Why Your Company Needs a Social Media Presence
But here’s one thing that holds true no matter the size of your marketing budget. You need a social media presence.
Why? Because 95 percent of young adults now follow brands via their social media channels. And by the end of 2018, social media channels boasted more than 2.5 million users!
Social media marketing allows you to reach a far wider group of customers for relatively small monetary expenditures. It can also give you more equal footing with companies of all sizes and budgets when done right.
Social media represents an excellent way to bring in a consistent flow of new leads while introducing your company and its services and products to new markets around the world.
It remains a crucial driver for more leads, customers, and growth. And if your company isn’t growing, it’s dying. Don’t let it wither on the vine.
Of course, if you have a new channel that you’ve added to your company’s offerings, then you’ll need to allocate more funding to get it up and running. Keep this in mind as you set aside money for social media.
Ready to learn more about what social media can do for your company? Check out our comprehensive guide to successful Facebook ad design.
A Marketing Budget Sample
Taking a look at what other companies are doing in your industry can give you a better idea of what your digital marketing budget should look like. But you may feel surprised by some of the numbers.
After all, digital marketing as an industry now ranks $30 billion bigger than television advertising! We can break these numbers down even further to get a sense of what a sample marketing budget might look like.
Companies spend on average 12 percent of their profits on marketing. But some industries spend significantly more than others.
For example, education companies spend about 18.5 percent versus two percent for the construction and mining industries. That said, your average industry falls between six and 11 percent.
Best Practices for Building Your Budget
Whether you’ve been allocated six percent of your company’s earnings or 11 percent, follow these general rules of thumb as you hone your budget.
Make sure that you diversify between strategies and channels.
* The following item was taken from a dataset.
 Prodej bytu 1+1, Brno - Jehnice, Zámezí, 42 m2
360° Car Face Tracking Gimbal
Like an investment portfolio, the five percent rule works well. Don’t put all of your marketing eggs in one basket, or they just might get crushed.
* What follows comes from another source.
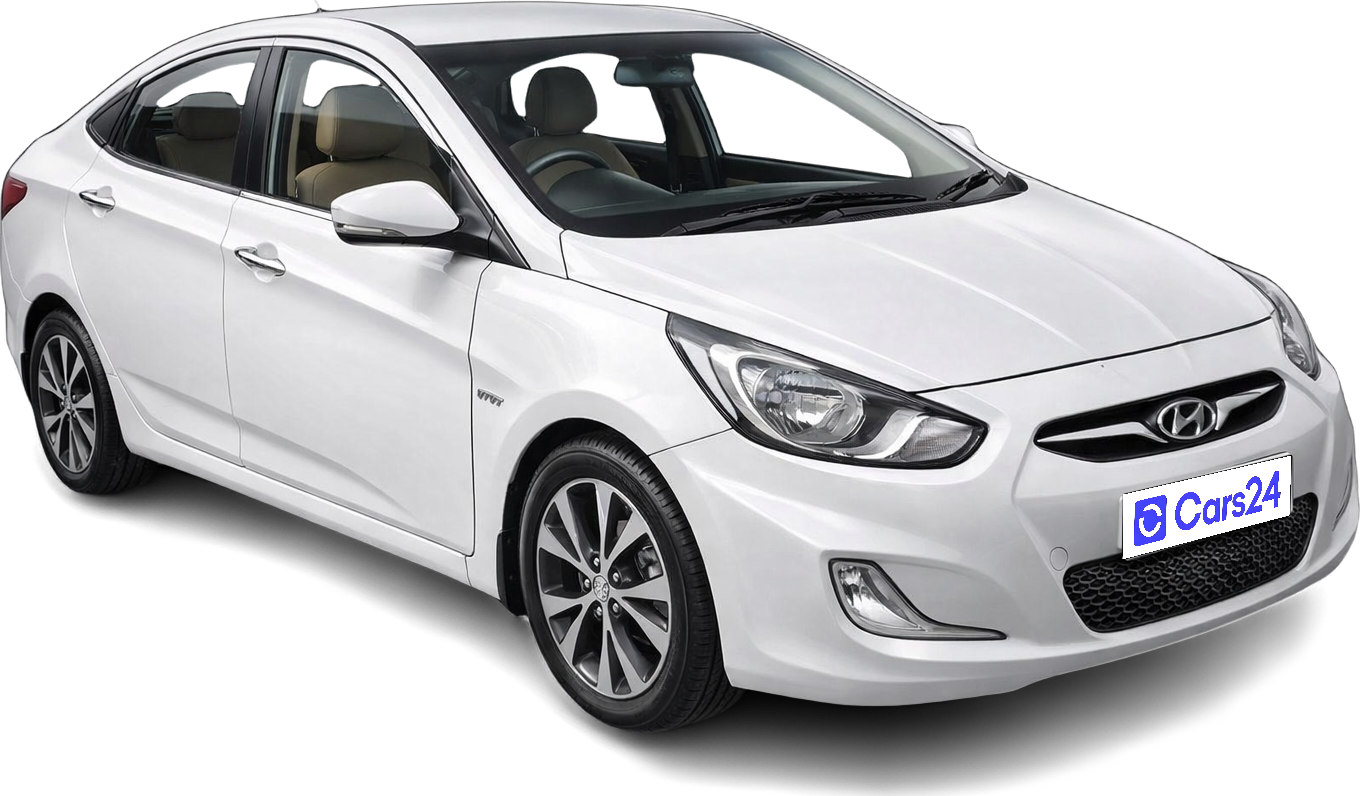 2011 Hyundai Verna - Sedan - Petrol - Manual - ₹3.25 lakh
You should also reserve around 10 percent of your budget for experimentation. Do this with the overriding goal of improving ROI. If you can’t tolerate the thought of 10 percent, then kick it down to six or eight percent.
But no matter what, maintain some type of budget flexibility when it comes to trying innovative and unprecedented marketing tactics. Otherwise, you’ll never happen upon new and better marketing strategies.
After all, marketing is far from an exact science. Sometimes it requires a little guesswork or a leap of faith based on your understanding of your ideal client and what motivates them.
Trim the Fat and Think About ROI
At the same time, review what you’ve done in the past. But don’t get nostalgic.
If you find an area that’s underperforming, cut it ruthlessly. If it doesn’t work, get rid of it. Period.
Always keep your eyes open for ways to trim the fat. Spending less to achieve the same results increases your ROI. It also liberates funds for new areas of your marketing budget.
Finally, keep tabs on your ROI. While calculating these figures can get complicated, you need a ballpark idea of how each of your strategies is performing. That way, you can quickly assess what’s fab and what’s flab and make decisions accordingly.
Your Digital Marketing Budget
But what happens if your digital marketing budget gets cut at some future point? Then, select your highest-earning ROI strategies and list them. Do everything you can to protect them while sacrificing what remains.
That way, you’ll remain financially solvent yet continue to attract lots of new leads and customers. The bottom line remains building your budget on a solid foundation of fundamentals so that you can deal with any budget amount thrown your way.